People living with mental illnesses like mine are legally entitled to ask for special adjustments from organizations so we can have an easier time communicating and accessing services. But I did not ask for help. I wanted to seem strong despite my bipolar disorder, so I always felt an extra burden to be more professional than average. Afraid of rejection, I thought I must prevent any potential stigma that might lead someone to dismiss my voice. I was scared folks wouldn’t want to work with me if they knew it could get this hard for me.
That was wrong. None of us should feel pressure to cover our challenges rather than seek the support we’re entitled to have to help us manage our needs.
For me, some of the most stressful interactions have always been related to my work because I care so much about it and I was always nervous one single mistake could ruin my entire reputation. Recently, I encountered a disability activist who directly accused me of being incapable of functioning professionally as part of their petition to have my participation restricted on a community listserv. I was also ignored by editors of a prestigious academic journal that stopped responding after I made a disability request to communicate about an invited article over e-mail instead of through our previously scheduled Zoom meeting.
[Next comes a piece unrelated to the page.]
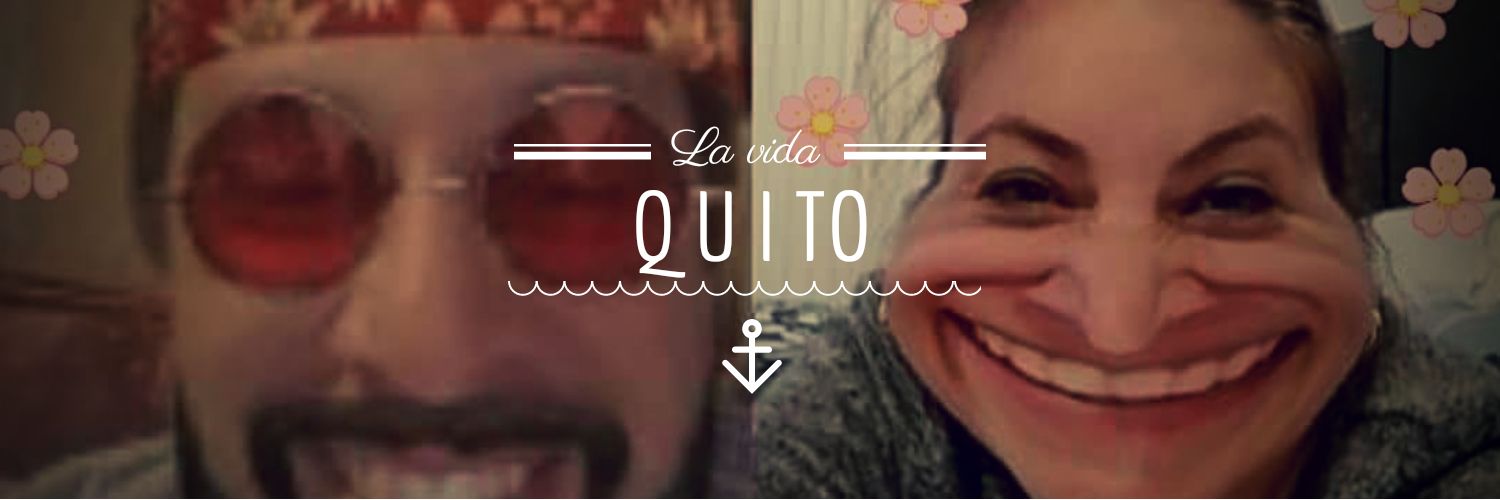 lularosero's profile banner image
Conflicts like these are when I’m most likely to fall apart from the pain. They are the times when I need the most support. Yet when I finally dropped my cover and shared my sensitivities during those situations, these people ignored me and avoided me rather than collaborating with me. In the past, I would always take those dismissals as a cue to once again mask my vulnerabilities. After all, I couldn’t possibly risk letting the dispute resolution world discover my difficulties.
How would I ever complete my life’s work if people thought I was disorganized and unreliable? Often, they already thought that automatically just knowing I had bipolar disorder – wasn’t it my job to prove them wrong?
But things are different now. Being dismissed by experts I trusted, while discussing the sensitive topic of discrimination toward people with psychiatric disabilities, and all of this happening at the same time I am mourning a profound interpersonal loss within my family – the pressure has finally become too much for me.
I cannot act strong while I’m suffering this much. I share all of this now by necessity, not by choice. Yet I also finally realize that being open about my vulnerabilities is the right decision for me. However it came about, part of my life’s work is learning to let my guard down and reveal the symptoms I struggle with on a regular basis.
Of course no one should ever feel compelled to reveal their fragilities in order to be seen, heard, and treated with dignity. But maybe the only way we can get to that compassionate ideal is for some of us to set the example that, mental disorder or not, we all benefit from living in a society where we can comfortably ask for help instead of fearing stigma.
The strength people saw in me was always a bit dishonest because I’d never been strong enough to reveal how fragile I’ve always been. I thought I had been brave in disclosing my diagnosis when I was twenty years old and living openly with it ever since. But I was also minimizing my symptoms and hiding behind a misleading image of resilience. It’s only now, fifteen years later, that I’m finally strong enough to share a fuller picture:
I work hard every single day to cope with my mental illness. I need help and support. I can’t just stay focused on the rainbows at the end of the story because I can’t weather the storms alone.